I have several VMs running in TrueNAS-13.0-U6.1 and I am encountering a problem where I am seeing a watchdog soft lock on CPU cores similar to this:
Oct 23 06:09:51 homeassistant kernel: watchdog: BUG: soft lockup - CPU#4 stuck for 17646s! [runc:[2:INIT]:70901]
However, it is not consistently this, it is sometimes other problems, sometimes related to Docker, sometimes it is not related to Docker. Sometimes it is journalId (or journald I can’t recall).
For information. TrueNAS is running on an i7-12700K with 64GB of RAM. It is running 10 Virtual Machines. Each VM runs 2 Docker Containers. Watchtower and a Service (Speedtracker, UptimeKuma, HomeAssistant etc).
The VMs are all up to date and running Ubuntu 22.04.4 LTS.
They are all allocated 2 Cores 4 Threads and 2 GB of RAM. The drives are all clean none are using more than 40% of the available space. I have checked RAM usage, I have checked CPU usage everything seems fine - until it isn’t.
The issue with the soft lock is that I cannot SSH into the machine and even using it via VNC is next to impossible, so it is very difficult to see what is going on.
I have attempted to log what is happening, but it just provides the lock up message, it doesn’t detail any reason why it happened.
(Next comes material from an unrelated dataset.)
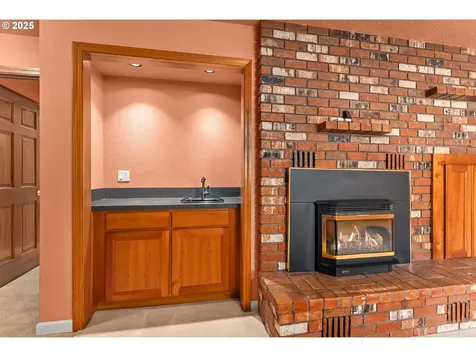 1925 NW Sunberry Drive Roseburg OR 97471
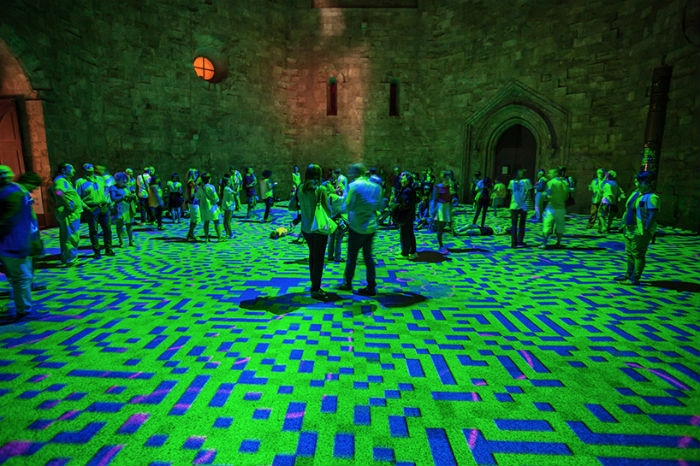 Мастер цифровых инсталляций Мигель Шевалье представил в старинном итальянском замке очередную версию своей интерактивной инсталляции Magic carpets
If there is a way to get more detailed logs let me know and I will set it up.
I post here, because this isn’t specific to a single VM, if this was one VM doing this repeatedly, I would put it down to that docker container or that service being a problem, but given that there are 10 VMs and they have all at one time or another had this watchdog lock up issue, I feel that perhaps it is something to do with the way that I created the VMs, the way they are set up, a failure to take a specific step, a failure to note some specific detail of TrueNAS that says you must do X or must not do Y that I am hoping someone can assist me with.
I searched the forum and found nothing related to this which did surprise me somewhat.